Regulation of c-Myc expression at the translational level is also important to normal cell functioning [76,82,83]. The transcription of mrtl in cis from c-Myc mRNA places mrtl near regulatory sequences and controls the efficiency of c-Myc translation (Figure 2). The primary determinant of c-Myc translational regulation is the IRES sequence, which is located in the 5′ UTR between the coding sequences of mrtl and c-Myc (Figure 2) [84,85]. As such, it is possible that mrtl regulates c-Myc translation through modulation of IRES activity. From a genetic perspective, mrtl and c-Myc are very closely linked, so gene amplification or chromosomal translocations involving c-Myc will often affect the mrtl coding sequence [40]. Given this relationship between mrtl and c-Myc, it is plausible that mrtl may contribute to the role that the c-Myc locus plays in oncogenesis.
Within the cell, mrtl is mainly found in the nuclear envelope, endoplasmic reticulum (ER), and tubular and cisternal structures of the nucleoplasmic reticulum (NR) [40] (Figure 3). Because the nuclear envelope and rough ER are studded with ribosomes, it is possible that mrtl is in close proximity to the translational apparatus. Thus, mrtl could be involved in the regulation of translation. There is already empirical evidence for this, as mrtl was found to be associated with the translation initiation factors elF4G (Eukaryotic Translation Initiation Factor 4 G) and elF2α (Eukaryotic Translation Initiation Factor 2α), as well as the integral 40S ribosomal protein RACK1 (Receptor For Activated C Kinase 1) [40].
In contrast, MycHex1 is present in nuclear foci, and only colocalised with mrtl at a single nuclear site, referred to as the central cisternal reservoir of the nucleoplasmic reticulum [86] (Figure 3). Prior research has shown that MycHex1 and fibrillarin shares their position at several discrete nuclear foci labelled with anti-BrdU antibody [86]. Fibrillarin is a ribonucleoprotein and nucleolar marker (snRNP) involved in ribosomal RNA processing [87]. Findings that BrdU is incorporated into DNA suggest that the nuclear loci at which MycHex1 is present may represent sites of DNA replication. As a highly basic protein, MycHex1 can associate with either DNA or RNA to facilitate replication or RNA processing, respectively [86].

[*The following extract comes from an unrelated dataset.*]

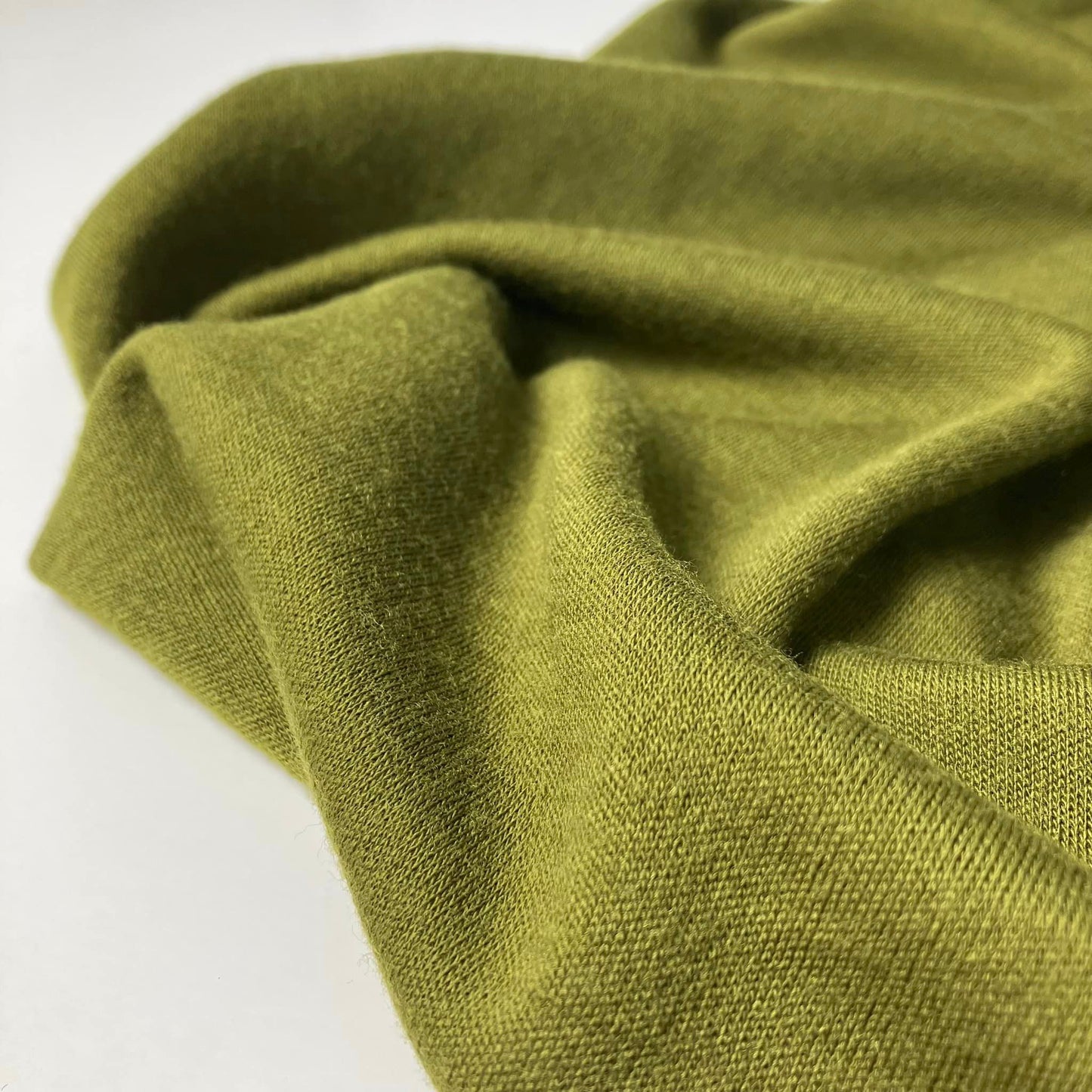 100% MERINO INTERLOCK OLIVE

Co-immunoprecipitation assays have revealed that endogenous mrtl and MycHex1 interact with RACK1, c-Myc, fibrillarin, coilin, and even with each other [86]. This indicates that both proteins may bind to a wide array of partner molecules within the nucleus and cytoplasm. Given the structural characteristics of mrtl and MycHex1, it is plausible that these proteins serve to anchor essential protein assemblies by targeting protein regions that include amino acid residues with alternating charges. Notably, the abundance of arginine and serine in both proteins is indicative of similarity to numerous RNA-binding proteins [86].
The cell nucleus has a sophisticated structure and houses several unique parts, such as nuclear bodies, nucleoli, Cajal bodies, nuclear speckles, paraspeckles, PML bodies (promyelocytic leukaemia), and Polycomb bodies. Notably, these nuclear entities lack a defining membrane, which enables the seamless interchanging of contents with the adjacent nucleoplasm [88]. MycHex1 might play a pivotal role in the formation and fortification of certain nuclear bodies. The ability of MycHex1 to undergo homo-oligomerisation, when combined with the co-immunoprecipitation findings that this protein has several potential binding partners, aligns well with this hypothesised role [89]. The nucleoplasmic reticulum comprises a series of membranous tubules within the nucleus to form the central cisternal reservoir [90,91,92,93,94]. This structure involves folds of the nuclear envelope and has a similar composition as the cytoplasm. The numerous folds in this nuclear structure significantly increase the surface area and enhance contact between the nucleus and cytoplasm. The distribution of mrtl across the nuclear envelope and nucleoplasmic reticulum alludes to a mechanism in which mrtl mediates the transport of certain molecules between the nucleus and cytoplasm [40] (Figure 3).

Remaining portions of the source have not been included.